How to Whiten Your Teeth

Having a “movie star smile” is somewhat of an American obsession. Consumers spent over 1.4 billion dollars on over-the-counter products to whiten their teeth last year, and that does not include the amounts spent by people who have their teeth professionally whitened by their dentists. Clearly, there is a huge public interest in having a brighter, whiter smile.

Why don’t my teeth stay white on their own?

Many factors lead to teeth becoming discoloring over time, including aging, disease, medications, or becoming stained as a result of cigarettes, coffee, tea, or cola drinks. When we eat, drink, or smoke, a layer of film builds up on the tooth enamel, and much of it persists even after brushing.

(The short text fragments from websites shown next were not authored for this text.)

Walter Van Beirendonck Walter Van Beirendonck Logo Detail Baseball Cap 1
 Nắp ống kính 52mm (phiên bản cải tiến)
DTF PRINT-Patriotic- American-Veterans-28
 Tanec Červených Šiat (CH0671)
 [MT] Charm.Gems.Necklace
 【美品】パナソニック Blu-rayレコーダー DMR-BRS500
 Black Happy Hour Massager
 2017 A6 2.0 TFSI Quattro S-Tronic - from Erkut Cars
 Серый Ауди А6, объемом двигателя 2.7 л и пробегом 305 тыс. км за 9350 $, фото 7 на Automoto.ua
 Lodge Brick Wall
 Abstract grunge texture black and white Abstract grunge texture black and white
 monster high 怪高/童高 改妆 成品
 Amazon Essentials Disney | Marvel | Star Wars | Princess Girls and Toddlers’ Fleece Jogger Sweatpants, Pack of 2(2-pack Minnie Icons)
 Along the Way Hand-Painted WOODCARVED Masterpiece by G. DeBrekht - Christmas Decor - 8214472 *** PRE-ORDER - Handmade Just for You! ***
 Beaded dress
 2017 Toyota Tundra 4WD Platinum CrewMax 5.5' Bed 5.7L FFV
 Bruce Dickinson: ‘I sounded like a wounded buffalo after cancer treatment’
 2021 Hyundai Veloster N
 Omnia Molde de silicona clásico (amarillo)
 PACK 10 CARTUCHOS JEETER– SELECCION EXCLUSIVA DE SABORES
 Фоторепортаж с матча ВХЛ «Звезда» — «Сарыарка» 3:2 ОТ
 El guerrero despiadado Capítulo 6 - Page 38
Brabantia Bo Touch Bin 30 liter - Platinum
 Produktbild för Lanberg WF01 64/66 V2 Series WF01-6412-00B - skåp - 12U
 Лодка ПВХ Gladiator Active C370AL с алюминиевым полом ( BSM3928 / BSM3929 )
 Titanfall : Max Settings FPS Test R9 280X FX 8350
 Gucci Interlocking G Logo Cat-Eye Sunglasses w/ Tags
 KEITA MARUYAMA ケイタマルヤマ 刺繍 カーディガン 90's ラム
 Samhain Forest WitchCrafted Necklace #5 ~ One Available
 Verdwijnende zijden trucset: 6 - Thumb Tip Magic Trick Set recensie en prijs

This can erode the enamel, and over time the more dark-tinted dentin layer begins to show through, giving the teeth a yellowish tint.

This is a natural part of aging, and there is no established dental standard for “how white” your teeth “should” be. But there are societal standards, and when people constantly see photos of models and movie stars with perfectly white teeth, naturally they want the same “look” themselves. In general, whitening techniques can be divided into two main categories – at-home, do-it-yourself treatments, and professional treatments performed in a dentist’s office.

Over-the-counter treatments for whitening teeth

Although the American Dental Association recommends checking with your dentist before using any whitening method, many people turn first to the amazing array of products available at their local pharmacies. The simplest and least expensive are toothpastes and gums that contain small amounts of a bleaching agent to slowly whiten teeth over time.

Other over-the-counter bleaching methods usually involve slightly larger concentrations of the bleaching gel, often in strips that are applied directly to the teeth and left on at night or (in the case of transparent strips) during the day. Slightly larger concentrations of the bleaching agent (which is usually carbamide peroxide) are used in methods that require you to wear a mouthpiece or tray to hold the gel in place. These methods do work to lighten the color of teeth, but require an investment of time – several hours a day, for 14 days to a month.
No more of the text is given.